> **SUPPLIED INFORMATION**:
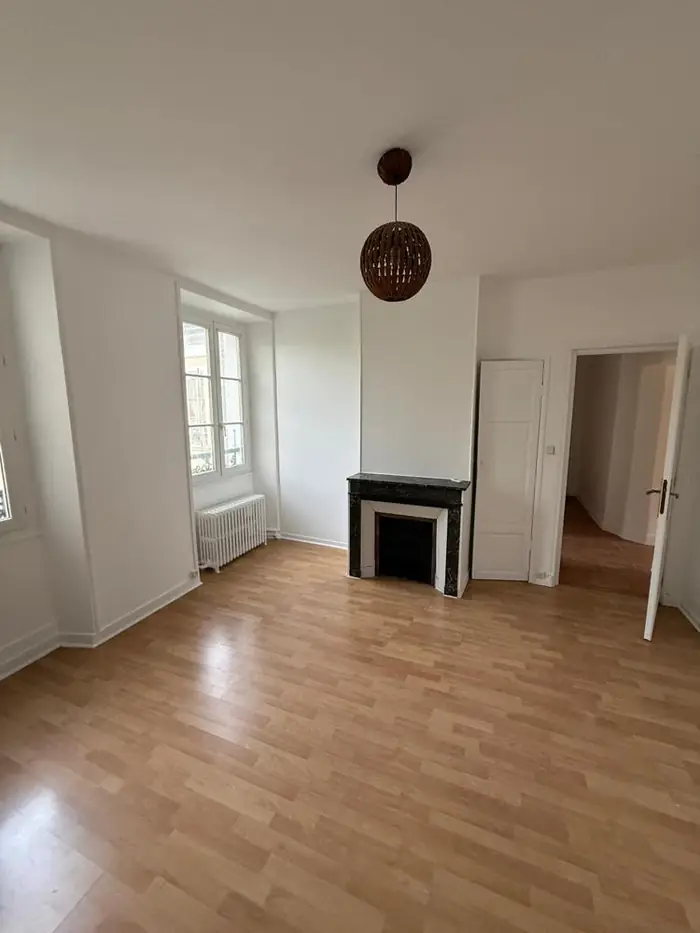 Chambre terminée avec murs blancs, cheminée en marbre et parquet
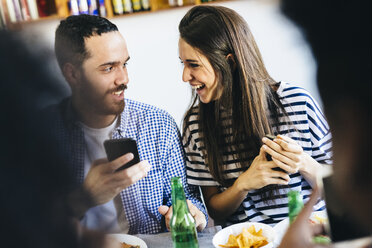 Happy couple sharing cell phone at dining table - GIOF02765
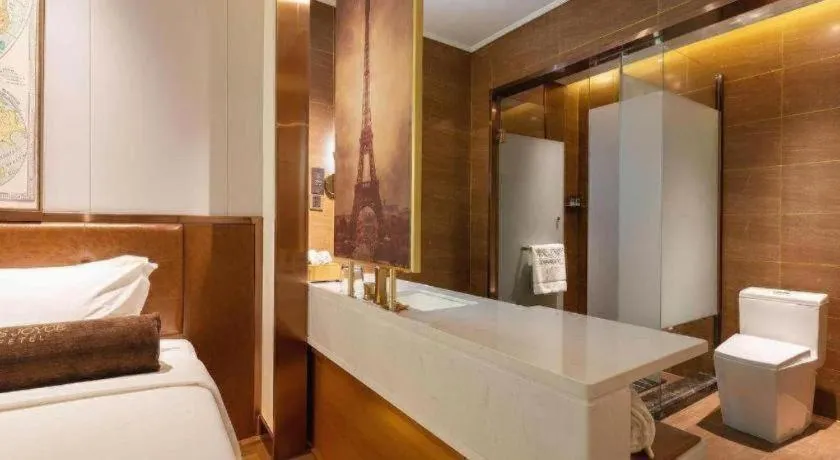 Bed in James Joyce Coffetel Anyang Railway Station Wenfeng Avenue Yinxu Scenic Spot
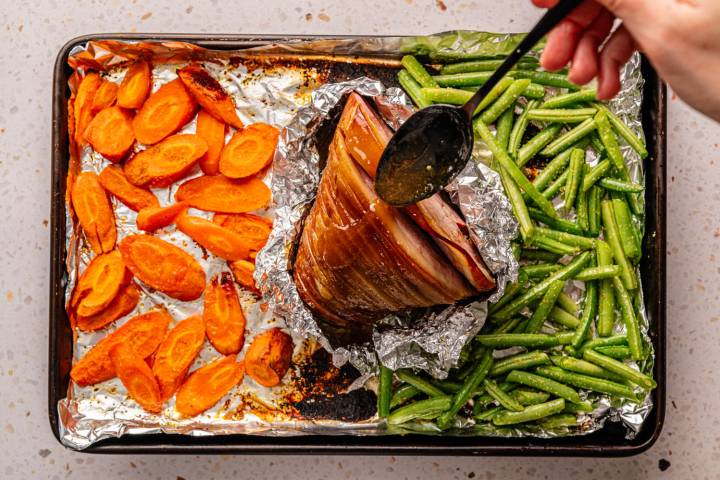 A baking tray lined with foil holds roasted carrots, a ham wrapped in foil, and green beans. A hand drizzles glaze over the ham with a spoon.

> **YOUR TASK**:
Extract the run of lines from the line holding "Bed in James" through the final line of the material above, exactly and inclusively. Leave the pictures behind.

> **OUTPUT BELOW**:
 Bed in James Joyce Coffetel Anyang Railway Station Wenfeng Avenue Yinxu Scenic Spot
 A baking tray lined with foil holds roasted carrots, a ham wrapped in foil, and green beans. A hand drizzles glaze over the ham with a spoon.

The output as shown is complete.